Khela Hobe (game on),” Mamata had said as defections like Adhikari’s piled up around her with many key TMC leaders joining the BJP in the run-up to the elections. “Khela Shesh (game over for Mamata) countered the BJP, but those calculations were wrong. 

“The TMC won because of Mamata Banerjee. It seems people have chosen Didi. We will introspect what went wrong, whether it was organisational issues, lack of face, insider- outsider debate. We will see what went wrong,” said the BJP’s national general secretary in charge of Bengal, Kailash Vijayvargiya on Sunday afternoon. 

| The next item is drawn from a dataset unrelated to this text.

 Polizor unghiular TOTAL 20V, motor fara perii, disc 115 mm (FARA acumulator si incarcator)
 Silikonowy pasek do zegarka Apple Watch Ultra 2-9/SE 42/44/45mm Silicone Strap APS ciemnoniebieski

Battling a deep anti-incumbency sentiment and an aggressive BJP’s full-on assault, Mamata Banerjee projected herself as a lone woman taking on the big guns of the BJP. Didi to many for years, she repackaged herself as Bengal’s daughter or “beti,” and rallied women voters and the state’s substantial Muslim vote base.   

The diminutive Mamata, 66, hobbled through an intense election, one leg in a cast after an injury that also saw her campaign in a wheelchair. She matched a barrage of taunts and invectives from an army of BJP leaders assigned to Mission Bengal, including Prime Minister Narendra Modi and Amit Shah, chief architect of the BJP’s growth-on-steroids in the state.

The BJP said she was faking it. The TMC accused the BJP of misogyny. Mamata was injured while campaigning in Nandigram in March. It wasn’t her first workplace injury. In 1990, she was attacked during a rally and her skull was fractured. 

Mamata Banerjee is an effective solo act. She has always been.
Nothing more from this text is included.